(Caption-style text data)
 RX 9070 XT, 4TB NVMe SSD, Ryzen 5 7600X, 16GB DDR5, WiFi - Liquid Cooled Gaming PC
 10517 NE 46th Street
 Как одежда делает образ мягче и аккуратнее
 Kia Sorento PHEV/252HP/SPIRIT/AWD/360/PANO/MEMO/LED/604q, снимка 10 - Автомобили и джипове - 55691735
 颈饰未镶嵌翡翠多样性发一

■ **What the task asks**
Keep every word the same and copy out all of the entries.

■ **Solution to this task**
 RX 9070 XT, 4TB NVMe SSD, Ryzen 5 7600X, 16GB DDR5, WiFi - Liquid Cooled Gaming PC
 10517 NE 46th Street
 Как одежда делает образ мягче и аккуратнее
 Kia Sorento PHEV/252HP/SPIRIT/AWD/360/PANO/MEMO/LED/604q, снимка 10 - Автомобили и джипове - 55691735
 颈饰未镶嵌翡翠多样性发一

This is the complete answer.